Vaughan inhabits a range of poetic styles. There are quite a few formal poems, neatly rhymed and metred, that present a voice somewhere between John Betjeman and Wendy Cope. This style works best when deeply ironic. There are even touches of Emily Dickinson’s philosophical style, for example, in ‘Appropriate’, where he picks a neat hole in the language of diplomacy:

Appropriate measures may be used…
appropriate forces sent.

Appropriately you’ll never know
exactly what we meant.

In more serious poems, the full end-rhymes are less successful. In ‘The Muslim Graveyard, Tel Aviv’ the five-line stanzas have a rhyme in the fourth and fifth lines, which gives the poem a glibness it could do without. But he’s back to his mercilessly sardonic self with ‘The Land of the Turtles’ which rattles along like a Victorian monologue; Kipling, or Gilbert and Sullivan, perhaps. I just can’t work out where it is about, but maybe that’s deliberate.

It’s when Vaughan moves away from this whimsical style that the poems become much more powerful, and everything goes a little bit John Le Carré.  ‘Instructions’ packs a visceral punch. It begins:

You are to go to some invented land,
master its language, absorb its history,
identify what might go wrong, what might be used,
and buy important people.

There are one or two pieces of jargon I had to look up. ‘Briefing’ asks if there is ‘any Zoë Baird stuff’ which I managed to clarify, and references ‘the Cisneros thing’, which I didn’t, but that’s ok, it gives the reader a feeling of being in with the in-crowd. The more subtly rhyming ‘Baggage Reclaim’ provides a shock – the narrator puts a hypothetical question about what to do if one ‘took the wrong suitcase’ / and found inside a million quid’:

Or if (mistake?) you took the wrong suitcase
and found inside a stack of cash, would you
decide it was your lucky day? Why chase

the crook it must belong to?

Even more intriguingly, in ‘At the King David’, our correspondent witnesses a meeting between Tony Blair and Shimon Perez in Jerusalem, where the specific details ground the incident in reality: ‘I looked out from the sixth floor at the view / of the Old City sparkling like a gun’ he tells us, and it is totally convincing.
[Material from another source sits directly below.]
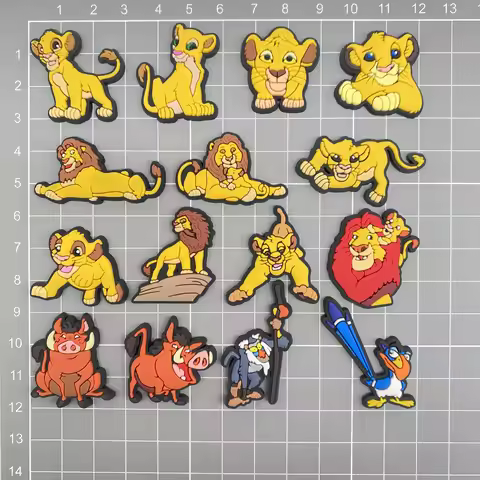 Hot Sales 1-15Pcs Simba Pumbaa Cartoon Kids Shoes Charms Disney Lion King Miniso Clog Buckle Accesso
There is a wonderful portrait of a work colleague in ‘Out of Africa’, some thoughts on the economics of spying in ‘Pact’, the feeling of being a lame duck at the end of a posting in ‘Leaving Washington’, and the collection ends with a grim elegy to Britain’s involvement in Helmand.
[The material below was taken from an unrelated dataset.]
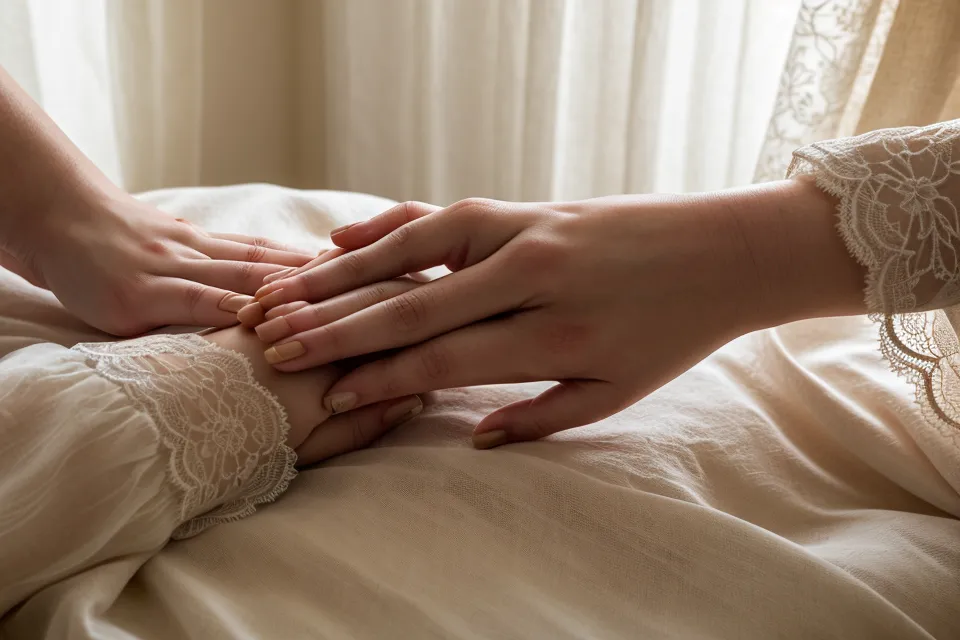 Complicité et tendresse retrouvées : gros plan de deux mains qui se frôlent sur des draps en lin lavé, signe d'intimité de couple qui revient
After reading this fascinating collection, the reader is left with the impression that Vaughan’s poems only scratch the surface of a hidden world. I’d love to invite Vaughan (and his long-suffering wife) to dinner, to hear more about what happens in our name at the Foreign & Commonwealth Office. I suspect that ‘Tom Vaughan’ could tell us, but then he’d have to kill us.